Start of Input

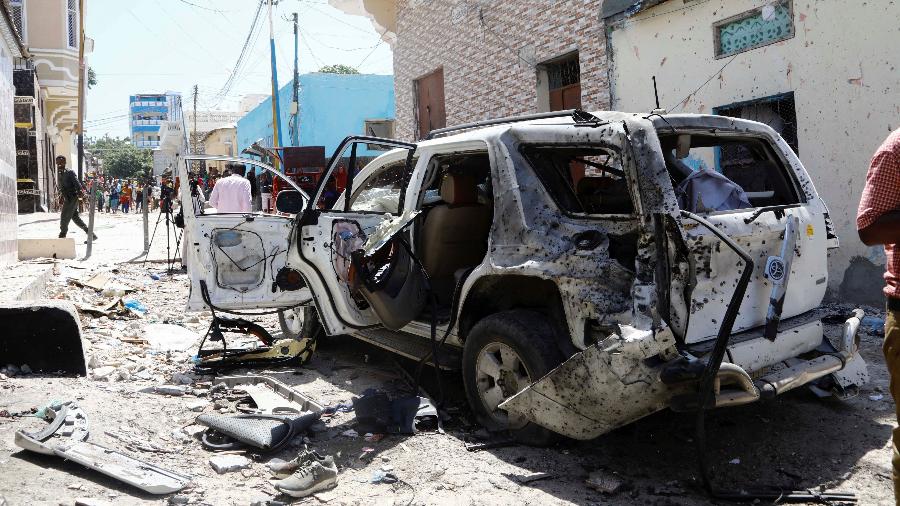 Carro em que estava o porta-voz do governo da Somália ficou destruído após um atentado em Mogadíscio - Feisal Omar/Reuters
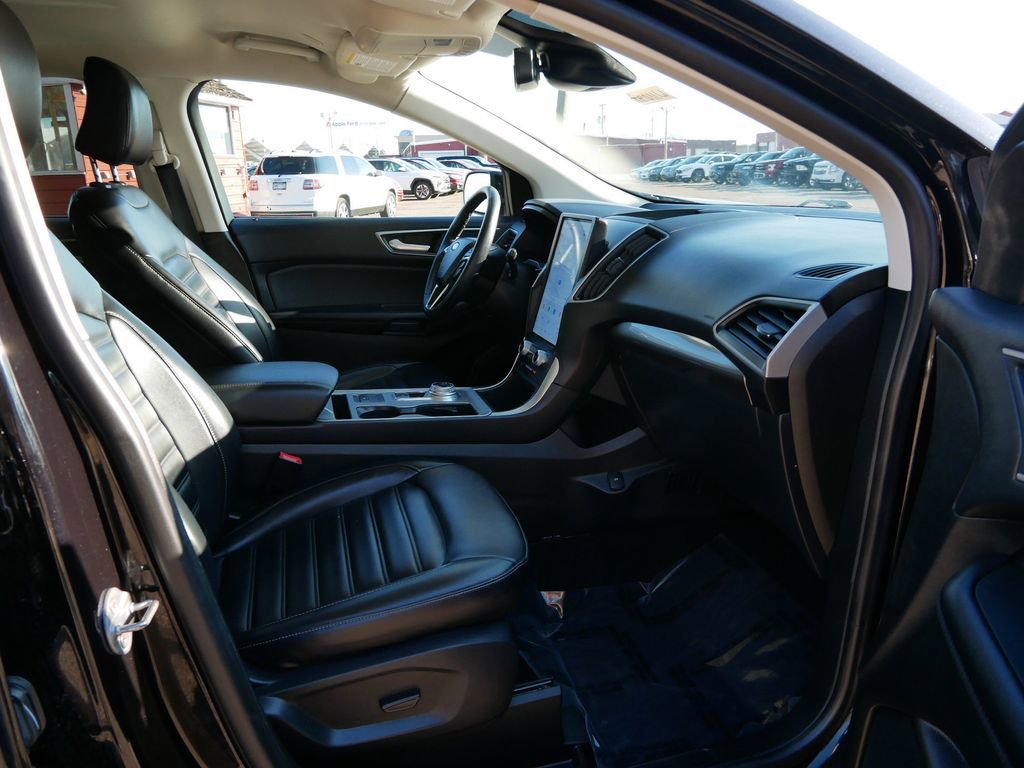Certified 2024 Ford Edge SEL image 8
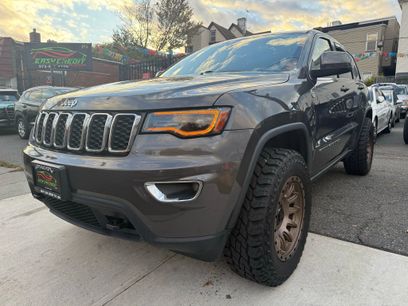 Used 2017 Jeep Grand Cherokee Laredo w/ Quick Order Package 23E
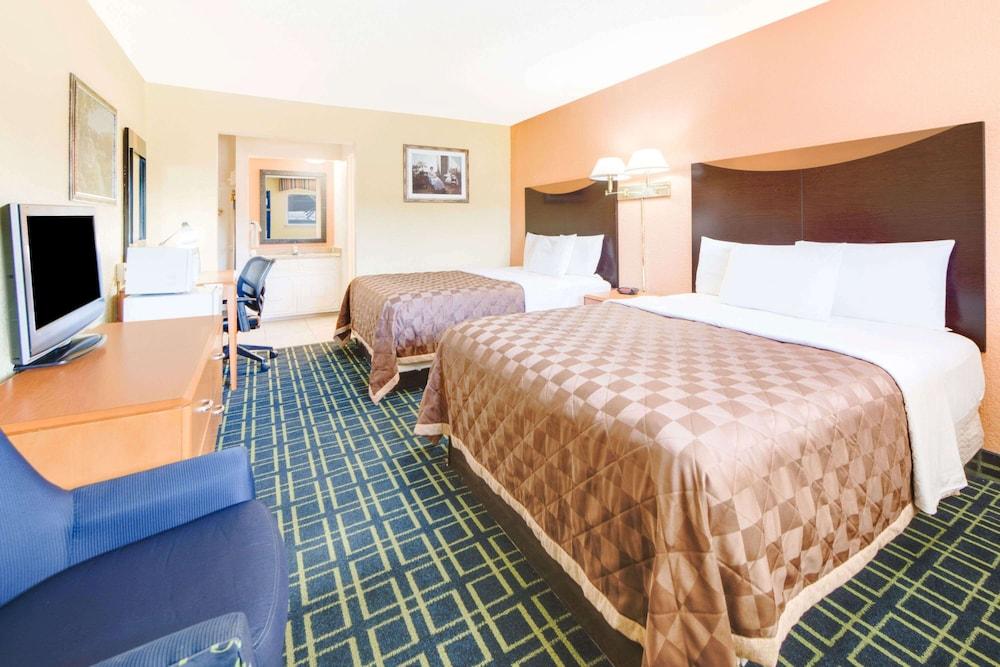 Travelodge by Wyndham Ruidoso photo 3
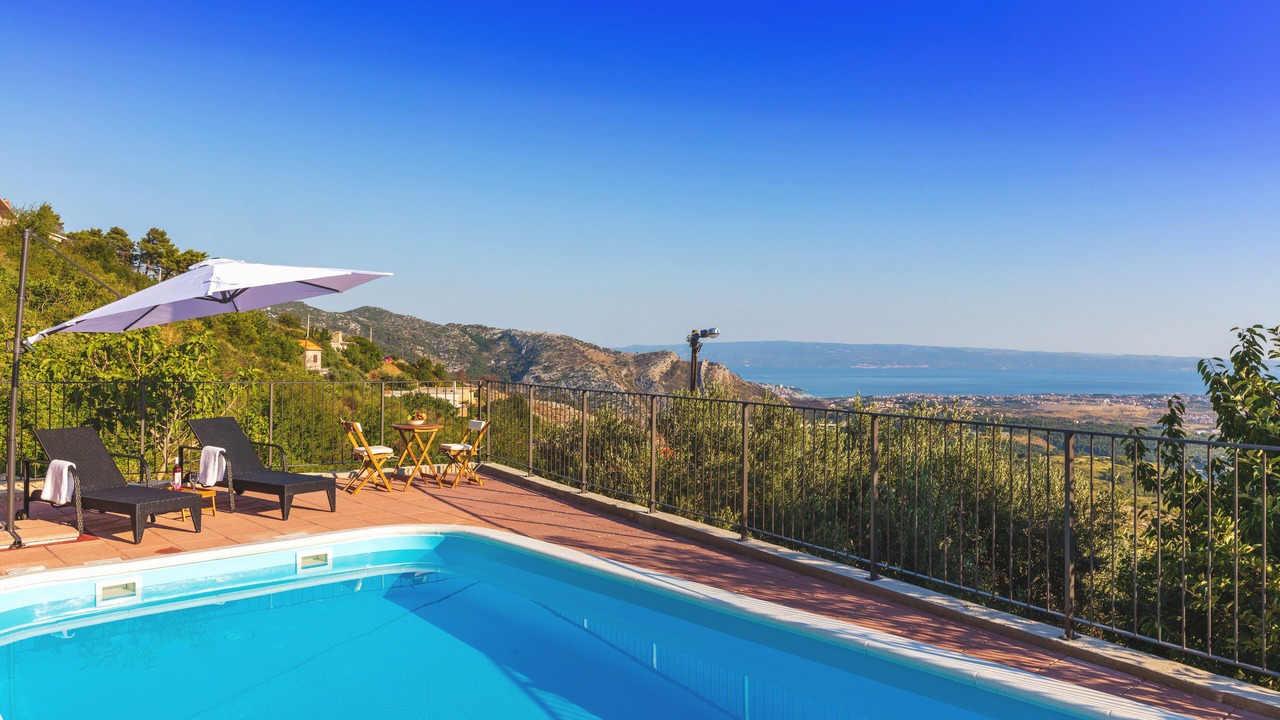 Photo of Outdoor in Klis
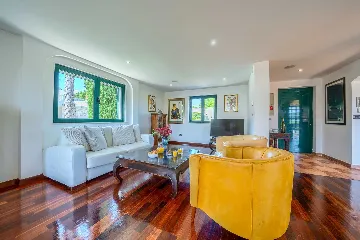 3-Bedroom Villa in Sumartin with Private Pool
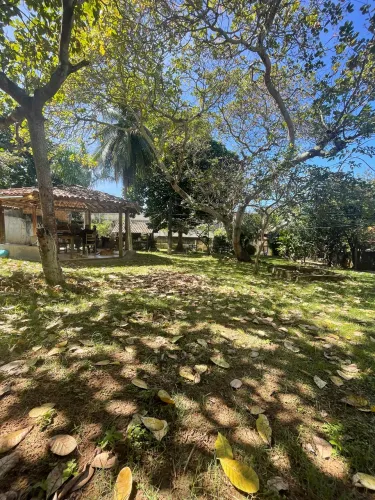 VENDO um terreno de 2000m2 em Lauro de Freitas, casa 2/4, árvores Frutíferas, Garagem, Nas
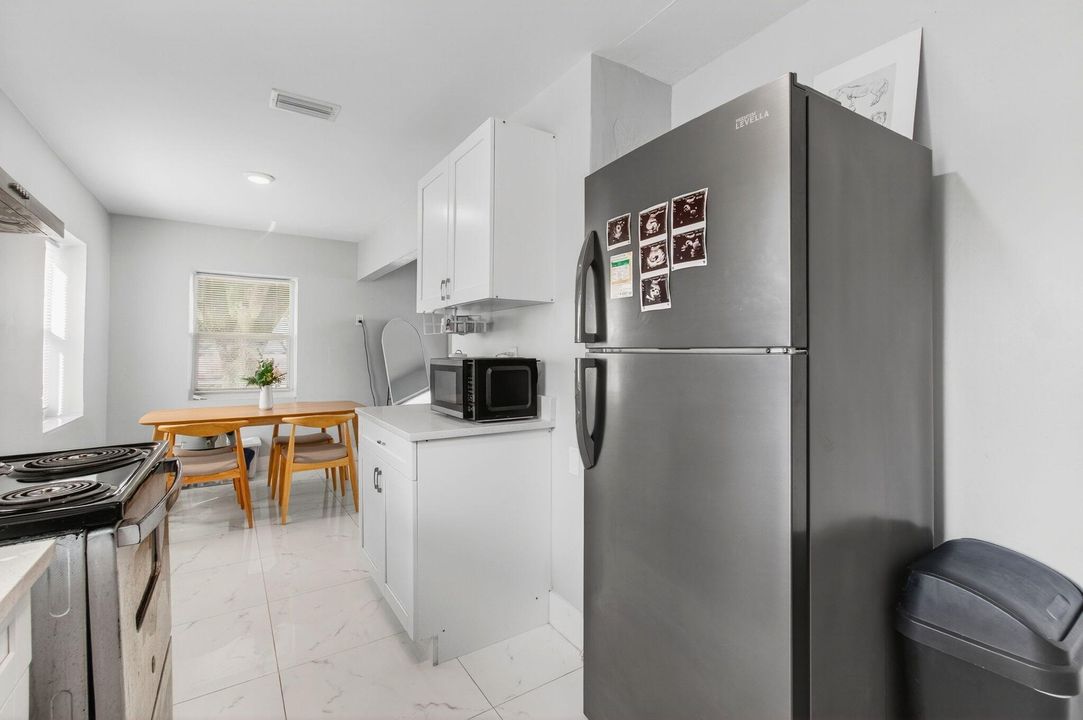 出租: $1,750 (1 贝兹, 1 浴室, 625 平方英尺)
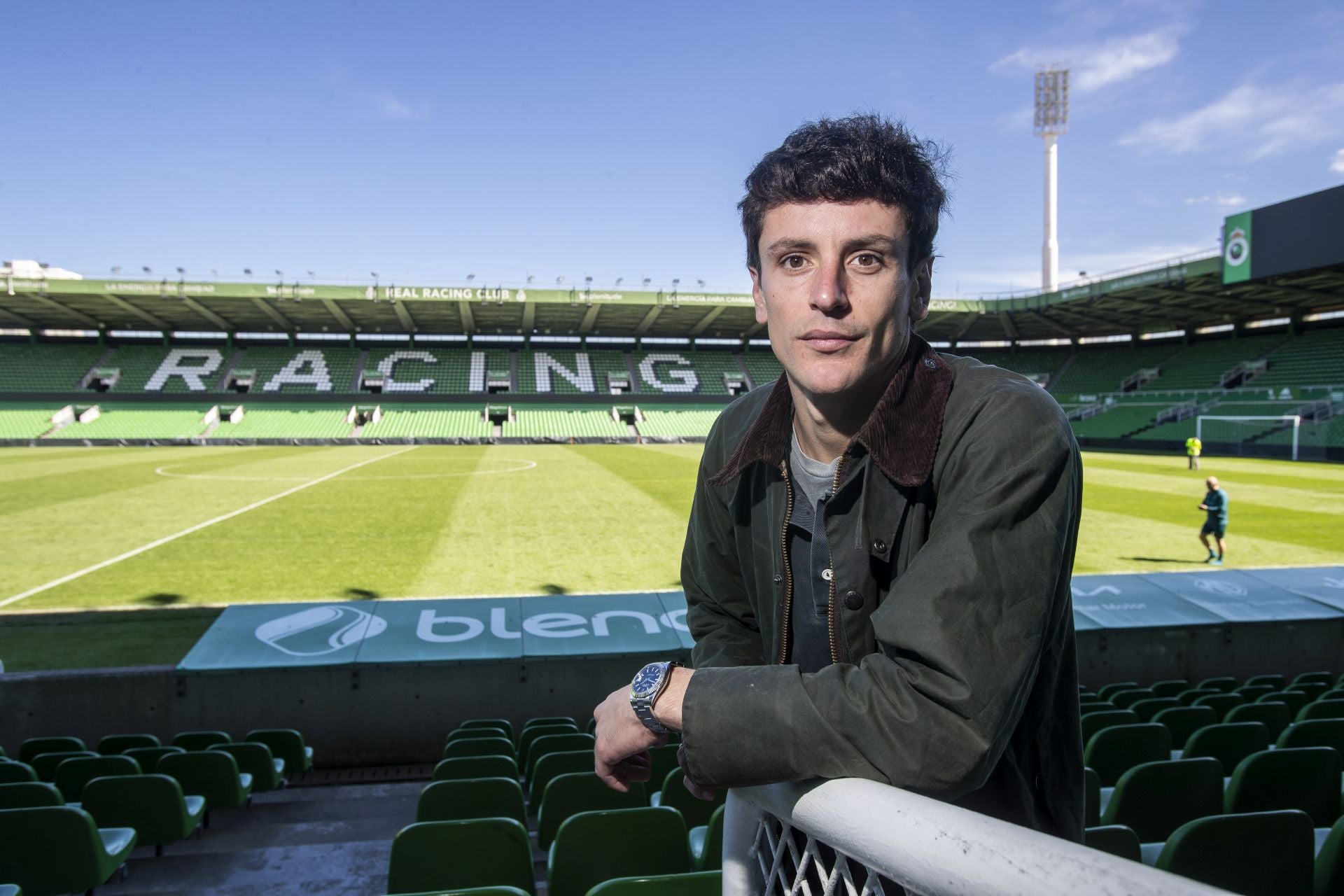 Marco Sangalli posa en las gradas de los Campos de Sport después del entrenamiento de ayer.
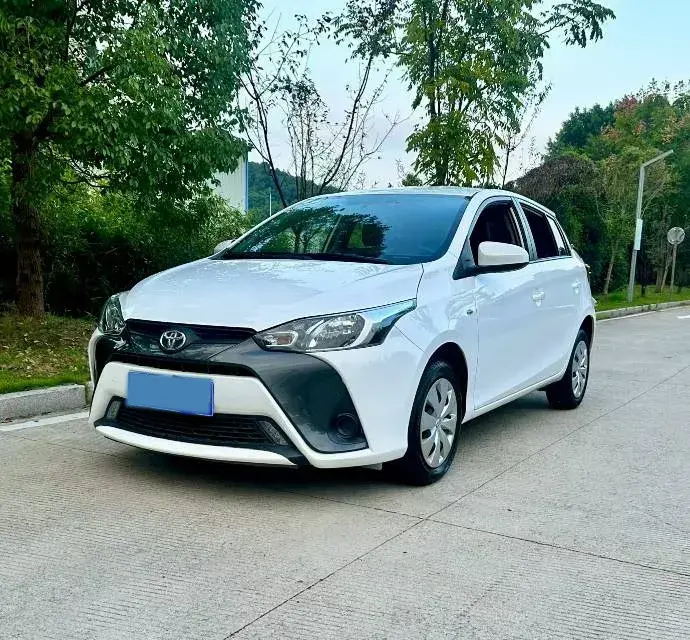2017 Toyota Yaris L 1.5L 107HP L4 CVT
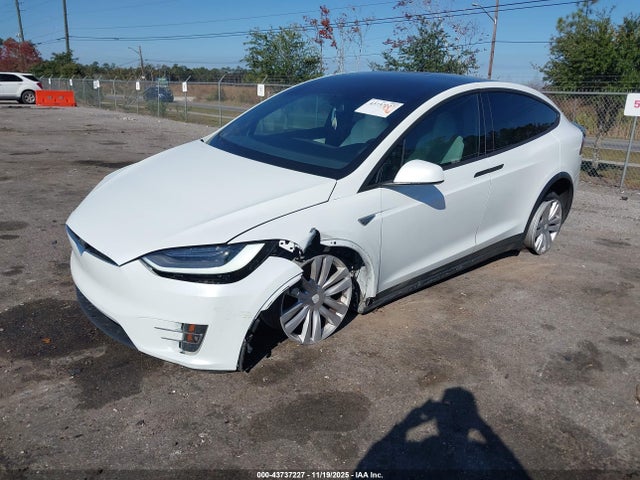 2016 TESLA MODEL X 5YJXCBE25GF013043 Photo 1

End of Input

### Work instruction
From the line with "Travelodge by Wyndham Ruidoso photo 3" to the last line above, restate each line word for word, but skip the pictures.

### Problem solution
 Travelodge by Wyndham Ruidoso photo 3
 Photo of Outdoor in Klis
 3-Bedroom Villa in Sumartin with Private Pool
 VENDO um terreno de 2000m2 em Lauro de Freitas, casa 2/4, árvores Frutíferas, Garagem, Nas
 出租: $1,750 (1 贝兹, 1 浴室, 625 平方英尺)
 Marco Sangalli posa en las gradas de los Campos de Sport después del entrenamiento de ayer.
2017 Toyota Yaris L 1.5L 107HP L4 CVT
 2016 TESLA MODEL X 5YJXCBE25GF013043 Photo 1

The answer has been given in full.